Die Frage ist nur, ob das Amt damit mehr Glück hat als beim Versuch eines kompletten Dashcam-Verbots. Immerhin dürfte es auch ein wenig darauf ankommen, was die Aufnahmen konkret zeigen und wie groß das Beweisinteresse des Betroffenen ist. Das letzte Wort ist auch in diesem Punkt jedenfalls noch nicht gesprochen, zumal die Polizei ja eventuelle Beweismittel auch beschlagnahmen darf.

Kernbotschaft für Autofahrer: Eine Dashcam ist derzeit legal, ins Netz stellen sollte man die Aufnahmen aber besser nicht.

Anwälte müssen draußen bleiben

Eine Stadtverwaltung darf es nicht mit einem „Hausverbot“ verhindern, wenn Bürger sich bei Verhandlungen von einem Anwalt vertreten lassen wollen, hat das Amtsgericht Rastatt entschieden.

Bei einem Gespräch wollte die Stadtverwaltung Rastatt Probleme mit einigen Vereinen lösen. Den Rechtsanwalt der Vereine, ausgerechnet ein früherer Rastätter Oberbürgermeister, wollte man nicht dabei haben. Kurzerhand deklarierte der derzeitige Amtsinhaber die Veranstaltung als „Informationsgespräch“, bei dem Anwälte unerwünscht sind. Er ließ den Anwalt von Mitarbeitern abweisen.

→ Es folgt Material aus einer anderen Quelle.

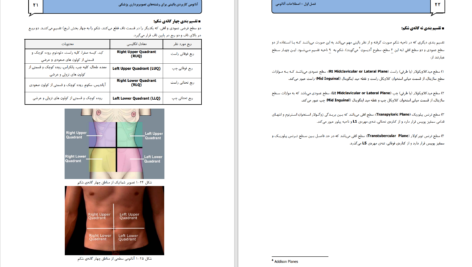 دانلود پی دی اف کتاب اصطلاحات آناتومی PDF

So geht es nicht, urteilte das Amtsgericht Rastatt. Anwälte seien nach dem Gesetz „der berufene unabhängige Berater und Vertreter in allen Rechtsangelegenheiten“. Daraus ergebe sich auch das Recht eines Anwalts, bei allen Gesprächen dabei zu sein, sofern dies seine Mandanten wünschen. Lediglich der Gesetzgeber könne dieses Recht einschränken, nicht jedoch eine Gemeinde (Aktenzeichen 3 C 92/14).

Bericht bei beck-online

Alles freiwillig

Wichtig zu wissen: Die Polizei muss bei Verkehrskontrollen nicht darüber belehren, dass ein Atemalkoholtest freiwillig ist. Pustet man freiwillig, kann man sich später nicht gegen eine Verwertung des Messergebnisses wehren. Das ergibt sich aus Entscheidungen des Oberlandesgerichts Brandenburg und des Kammergerichts Berlin.

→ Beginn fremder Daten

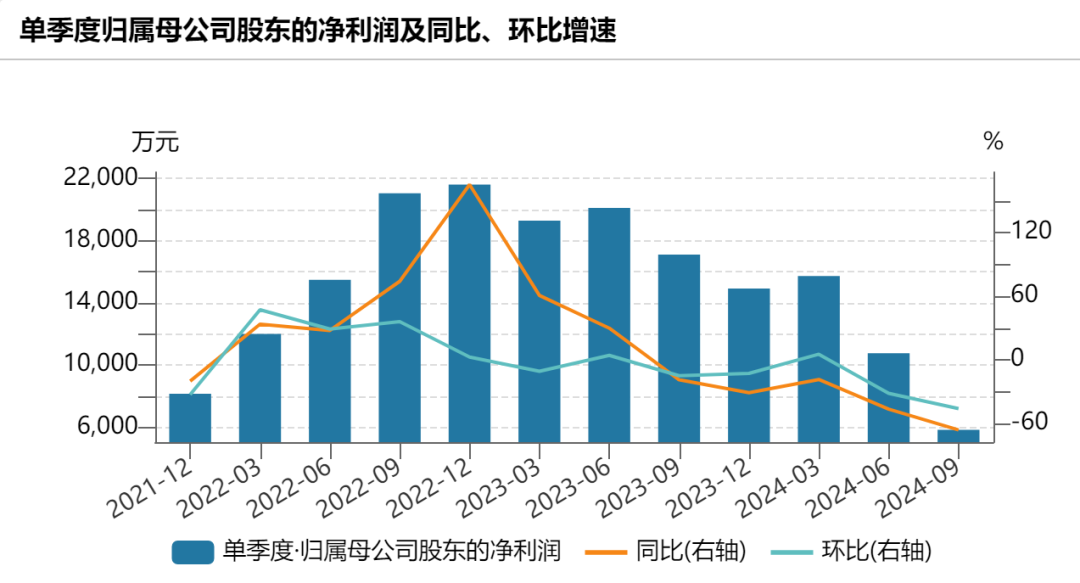 旭升集团停牌筹划公司股份转让，或导致控制权变更  第4张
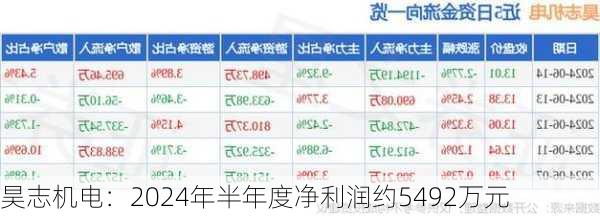 昊志机电：2024年半年度净利润约5492万元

Auch bei Verkehrskontrollen gilt der Grundsatz, dass niemand an seiner eigenen Überführung mitwirken muss. Das bedeutet: Die Teilnahme an einem Atemalkoholtest ist stets freiwillig; niemand kann dazu gezwungen werden. Gleiches gilt auch für Drogenwischtests, die Abgabe einer Urinprobe oder Kontrollen der Motorik. Eventuelle Aufforderungen durch Polizeibeamte sind stets nur als freundliche Bitte zu verstehen. Dieser kann man folgen, muss es aber nicht.

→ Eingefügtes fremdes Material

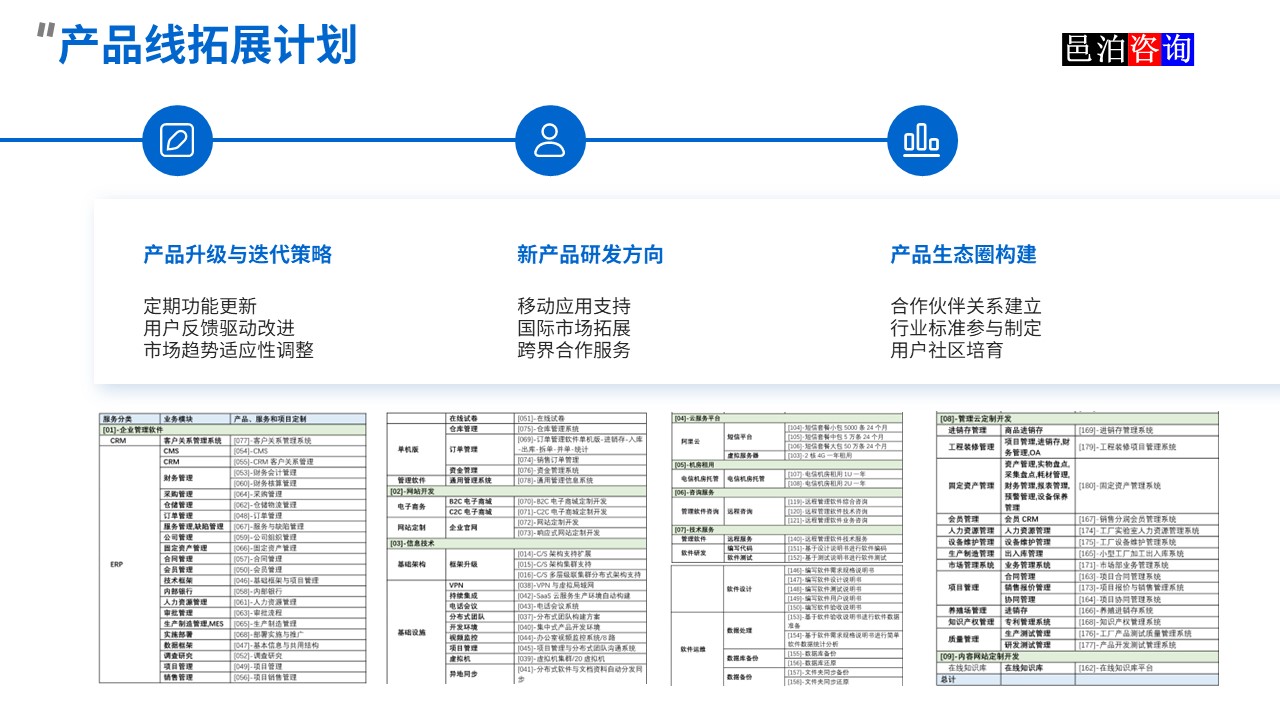 邑泊數字化智能化技術資金流動性管理互聯網在線服務平臺產品線拓展計劃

In den Gerichtsentscheidungen ging es lediglich um die Frage, ob Beamte aktiv auf die Freiwilligkeit hinweisen müssen. Nur dies wird verneint. Man muss also seine Rechte kennen und sich aktiv darauf berufen. Nicht zulässig ist es allerdings, wenn Beamte den Eindruck erwecken, man sei zum Atemtest etc. verpflichtet. Das könnte eine Täuschung sein, die das Messergebnis unverwertbar machen kann.